By default, the page cache directory is set to Rails.public_path (which is
usually set to `RAILS_ROOT + "/public"`) and this can be configured by
changing the configuration setting `config.action_controller.page_cache_directory`.
Changing the default from /public helps avoid naming conflicts, since you may
want to put other static html in /public, but changing this will require web
server reconfiguration to let the web server know where to serve the cached
files from.
The Page Caching mechanism will automatically add a `.html` exxtension to
requests for pages that do not have an extension to make it easy for the
webserver to find those pages and this can be configured by changing the
configuration setting `config.action_controller.page_cache_extension`.
In order to expire this page when a new product is added we could extend our
example controler like this:
[source, ruby]
-----------------------------------------------------
class ProductsController < ActionController
caches_page :list
def list; end
def create
expire_page :action => :list
end
end
-----------------------------------------------------
If you want a more complicated expiration scheme, you can use cache sweepers
to expire cached objects when things change.
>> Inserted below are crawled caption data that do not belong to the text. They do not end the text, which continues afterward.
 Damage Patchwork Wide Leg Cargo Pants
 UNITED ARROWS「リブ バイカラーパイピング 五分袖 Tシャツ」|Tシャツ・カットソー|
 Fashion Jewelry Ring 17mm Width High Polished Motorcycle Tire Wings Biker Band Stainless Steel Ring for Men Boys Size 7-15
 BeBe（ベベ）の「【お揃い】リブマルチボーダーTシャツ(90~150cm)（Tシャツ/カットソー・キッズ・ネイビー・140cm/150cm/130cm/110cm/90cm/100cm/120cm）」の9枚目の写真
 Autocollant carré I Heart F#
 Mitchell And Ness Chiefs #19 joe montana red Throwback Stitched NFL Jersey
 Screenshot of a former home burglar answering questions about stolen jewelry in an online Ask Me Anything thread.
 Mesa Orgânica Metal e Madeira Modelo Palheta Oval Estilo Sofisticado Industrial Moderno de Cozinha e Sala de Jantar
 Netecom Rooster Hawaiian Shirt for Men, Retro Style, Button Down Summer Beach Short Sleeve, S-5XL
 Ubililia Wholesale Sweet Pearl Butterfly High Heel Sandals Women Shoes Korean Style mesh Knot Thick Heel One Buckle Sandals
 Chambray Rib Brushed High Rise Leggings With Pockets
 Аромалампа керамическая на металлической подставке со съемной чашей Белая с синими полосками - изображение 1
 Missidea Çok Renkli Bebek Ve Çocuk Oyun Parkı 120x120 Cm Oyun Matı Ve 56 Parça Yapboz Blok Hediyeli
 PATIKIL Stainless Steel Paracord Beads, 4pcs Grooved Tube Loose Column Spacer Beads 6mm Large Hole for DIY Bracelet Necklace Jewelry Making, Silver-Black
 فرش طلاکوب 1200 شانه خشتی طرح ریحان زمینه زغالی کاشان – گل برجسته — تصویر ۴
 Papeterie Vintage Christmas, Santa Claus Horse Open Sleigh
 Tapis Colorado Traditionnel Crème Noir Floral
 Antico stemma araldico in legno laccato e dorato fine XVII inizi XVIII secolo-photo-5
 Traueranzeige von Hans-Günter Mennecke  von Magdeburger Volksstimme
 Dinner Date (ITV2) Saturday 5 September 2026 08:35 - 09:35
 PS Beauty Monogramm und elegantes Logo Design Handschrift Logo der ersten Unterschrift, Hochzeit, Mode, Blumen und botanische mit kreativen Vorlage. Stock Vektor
This is covered in the section on Sweepers.
[More: caching paginated results? more examples? Walk-through of page caching?]
=== Action Caching
One of the issues with Page Caching is that you cannot use it for pages that
require to restrict access somehow. This is where Action Caching comes in.
Action Caching works like Page Caching except for the fact that the incoming
web request does go from the webserver to the Rails stack and Action Pack so
that before filters can be run on it before the cache is served, so that
authentication and other restrictions can be used while still serving the
result of the output from a cached copy.
Clearing the cache works in the exact same way as with Page Caching.
Let's say you only wanted authenticated users to edit or create a Product
object, but still cache those pages:
[source, ruby]
-----------------------------------------------------
class ProductsController < ActionController
before_filter :authenticate, :only => [ :edit, :create ]
caches_page :list
caches_action :edit
def list; end
def create
expire_page :action => :list
expire_action :action => :edit
end
def edit; end
end
-----------------------------------------------------
And you can also use `:if` (or `:unless`) to pass a Proc that specifies when the
action should be cached. Also, you can use `:layout => false` to cache without
layout so that dynamic information in the layout such as logged in user info
or the number of items in the cart can be left uncached. This feature is
available as of Rails 2.2.
[More: more examples? Walk-through of Action Caching from request to response?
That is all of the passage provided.